• _About this exercise_: Look through the material for lines with the word "White", and copy each one.

[[ Provided records open ]]

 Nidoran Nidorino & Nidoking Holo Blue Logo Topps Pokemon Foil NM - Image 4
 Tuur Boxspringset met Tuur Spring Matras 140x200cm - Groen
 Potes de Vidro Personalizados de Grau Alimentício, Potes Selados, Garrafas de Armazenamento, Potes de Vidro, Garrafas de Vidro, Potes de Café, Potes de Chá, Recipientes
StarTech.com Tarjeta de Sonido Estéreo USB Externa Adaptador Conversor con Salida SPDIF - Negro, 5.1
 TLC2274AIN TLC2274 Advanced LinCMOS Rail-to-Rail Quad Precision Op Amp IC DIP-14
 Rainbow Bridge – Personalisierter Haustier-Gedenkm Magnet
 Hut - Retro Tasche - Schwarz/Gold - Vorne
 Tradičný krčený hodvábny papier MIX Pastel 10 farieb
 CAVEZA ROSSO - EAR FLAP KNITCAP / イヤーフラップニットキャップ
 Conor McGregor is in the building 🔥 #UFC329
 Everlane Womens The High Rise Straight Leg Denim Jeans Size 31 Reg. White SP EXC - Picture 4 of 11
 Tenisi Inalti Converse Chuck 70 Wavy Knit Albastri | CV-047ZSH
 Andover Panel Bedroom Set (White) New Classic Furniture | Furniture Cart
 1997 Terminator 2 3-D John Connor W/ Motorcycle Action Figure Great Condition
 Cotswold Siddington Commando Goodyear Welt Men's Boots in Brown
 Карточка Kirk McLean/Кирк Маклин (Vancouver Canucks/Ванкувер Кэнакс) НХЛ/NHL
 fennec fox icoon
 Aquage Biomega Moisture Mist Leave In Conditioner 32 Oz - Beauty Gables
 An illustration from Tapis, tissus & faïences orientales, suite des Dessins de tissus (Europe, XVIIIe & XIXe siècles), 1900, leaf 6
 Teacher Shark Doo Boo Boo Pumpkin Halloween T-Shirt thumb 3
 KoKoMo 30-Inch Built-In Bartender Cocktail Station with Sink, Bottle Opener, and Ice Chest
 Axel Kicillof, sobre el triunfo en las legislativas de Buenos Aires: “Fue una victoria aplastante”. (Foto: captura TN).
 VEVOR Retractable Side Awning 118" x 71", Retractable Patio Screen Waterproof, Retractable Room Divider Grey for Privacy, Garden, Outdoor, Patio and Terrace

[[ Provided records closed ]]

• _Answer area_:
 Everlane Womens The High Rise Straight Leg Denim Jeans Size 31 Reg. White SP EXC - Picture 4 of 11
 Andover Panel Bedroom Set (White) New Classic Furniture | Furniture Cart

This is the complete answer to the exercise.